We further conducted a sensitivity analysis to quantify the uncertainty sensitivity to input model parameters. The response variables for the sensitivity analysis are total annual NEE, GPP, Reco, and mean annual C pools. By modifying each parameter ± 10%, we calculated the percentage change in the response variables (VR) and the sensitivity index (β, ratio of the % change in response variable to % change in a parameter)66. Sensitivity analysis indicated that carbon fluxes and pools experienced similar sensitivity patterns (Table S2) considerably affected by parameters related to photosynthesis and C allocation. They were less affected by turnover as well as coefficient of correction. Since we collected field observations of LCMA, this measure was set as constant so that the model uncertainty over key photosynthesis parameters could be decreased, allowing emphasis on analyzing variation in allocation coefficients. Here the model allocation was well constrained by the time-series LAI and biomass of various plant tissues (Fig. S3), and thereby the allocation coefficients (especially allocation to wood and autotrophic respiration) showed high consistency with the empirical studies (Fig. 5).

The challenge of acquiring long-term and multiple observations covering different C cycle process is one of the inherent limitations in process-based model data fusion40. Here we mainly collected the biomass and SOC observations. Since CERN sites do not conduct the DOC fluxes observation, which is a small proportion of SOC67, the DOC fluxes were not produced in the model-data fusion analysis. This would bring uncertainty to carbon sink estimation in forests suffered soil erosion or land use change such as deforestation. Fortunately, the permanent plots at CERN sites are all protected well, but we still expect improved representations of carbon-water interaction process (e.g., DOC) into calibrated process-based models, to further help reduce the biases for the C balance of ecosystems regionally and globally.

Despite these inevitable uncertainties, the optimized key parameters and simulated C sequestration result are consistent with the site observational data and close to that of previous studies using different approaches (Figs. 4, 5 and S5). Overall, the CFCCD database provides high-quality open-access information on decadal C cycle dynamics in typical forests in China.

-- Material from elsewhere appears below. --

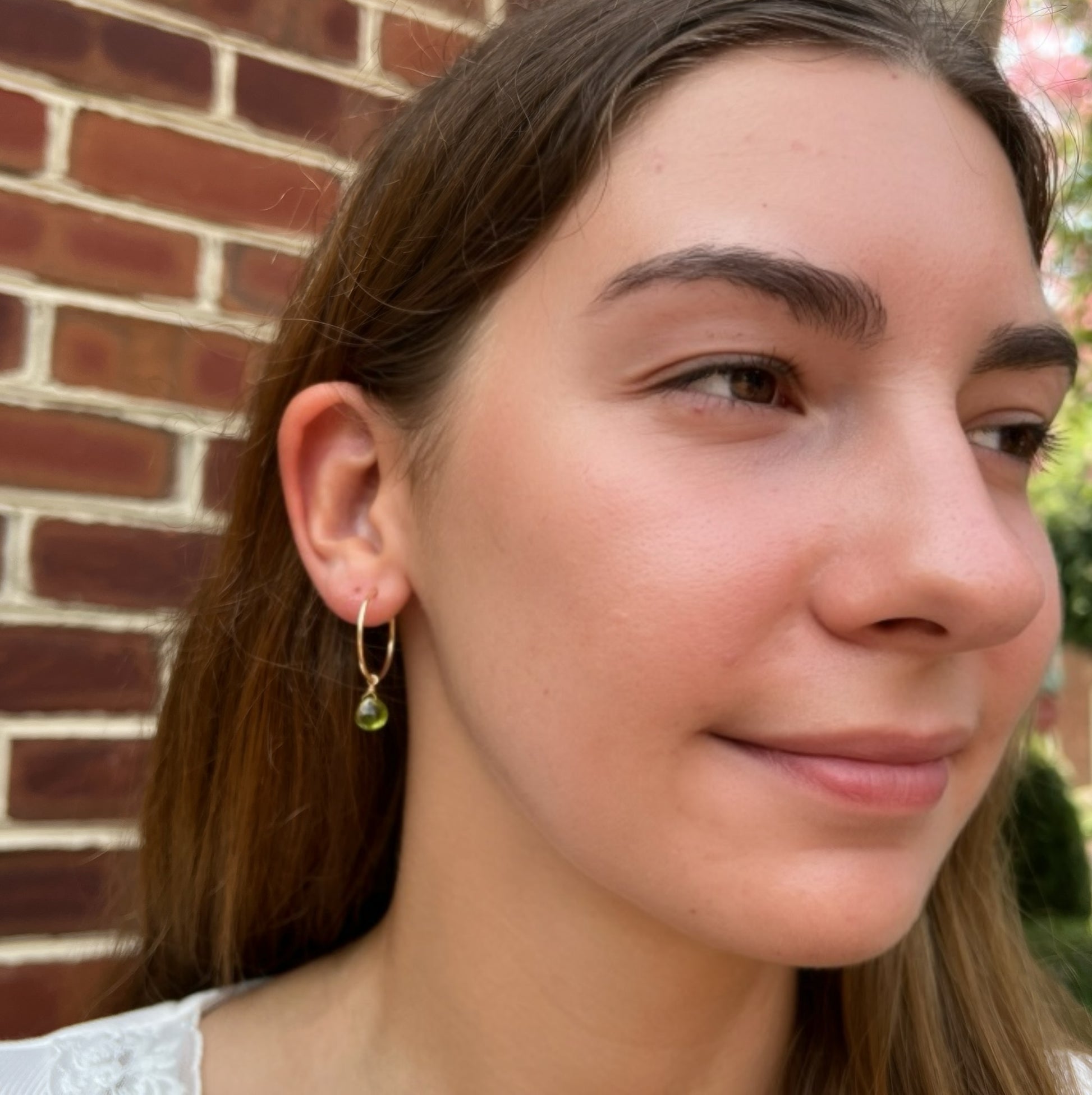 A close-up of a woman wearing a delicate gold hoop earring with a small green bead drop, set against a brick wall background.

The CFCCD database is the most comprehensive and up-to-date database covering decadal C cycle dynamics over the most representative forests in China and the Northern Hemisphere using measurement-based colocated networks; MDF-retrieved C cycle parameters, which are difficult to solely obtain from observations; and time-continuous C storage functions for long-term C cycle state evaluation under climate change. This reference dataset can be used to investigate the long-term trends in ecological C cycle dynamics, to identify the forest C sink distribution in soil and vegetation and their association with C-cycle process parameters, and to evaluate and improve the ability of C cycle process models as benchmarks. Such knowledge will have strong implications improving our ability to evaluate and understand forest C cycle responses to global change and will be important in the implementation of C sequestration and mitigation by policy makers.